More mature tech companies such as SAP SE and Oracle Corp., meanwhile, could seek transformation offerings similar to the purchase of Red Hat Inc. by International Business Machines Corp.
IPO lure
Big tech players still need to persuade private companies to sell to them instead of going public in a strong IPO environment. The market welcomed the stock market debut of Snowflake and Airbnb Inc. last year by doubling their stock prices. DoorDash Inc. was rewarded with an 86% first-day share rate.
The robust IPO market could contribute to mergers and acquisitions, especially with blank check company IPOs continuing to climb. Once the Special Purpose Public Acquisition Companies, or SPACs, begin their search for merger targets.

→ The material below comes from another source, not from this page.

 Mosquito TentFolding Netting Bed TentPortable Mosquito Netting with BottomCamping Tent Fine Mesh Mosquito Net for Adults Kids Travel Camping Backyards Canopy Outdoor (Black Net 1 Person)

“The strength of the IPO market does not detract from mergers and acquisitions,” said Marco Caggiano, co-director of North America mergers and acquisitions at JPMorgan Chase & Co. “It actually generates more PSPC, which in turn drive the volume of mergers and acquisitions.
Although the coronavirus pandemic has affected many industries, it has brought the tech space to light as much of life becomes virtual. CEOs got glimpses of their IT systems during the pandemic, which could fuel IT spending for decades as companies adapt to new ways of working, said Jason Auerbach, global co-director of TMT at UBS Group AG.
“Anytime there are these kinds of shifts in technology spending, it spurs mergers and acquisitions,” Auerbach said. “For many large-cap tech companies, if you want to continue to evolve and grow, mergers and acquisitions will continue to be the most efficient way to do it most of the time.”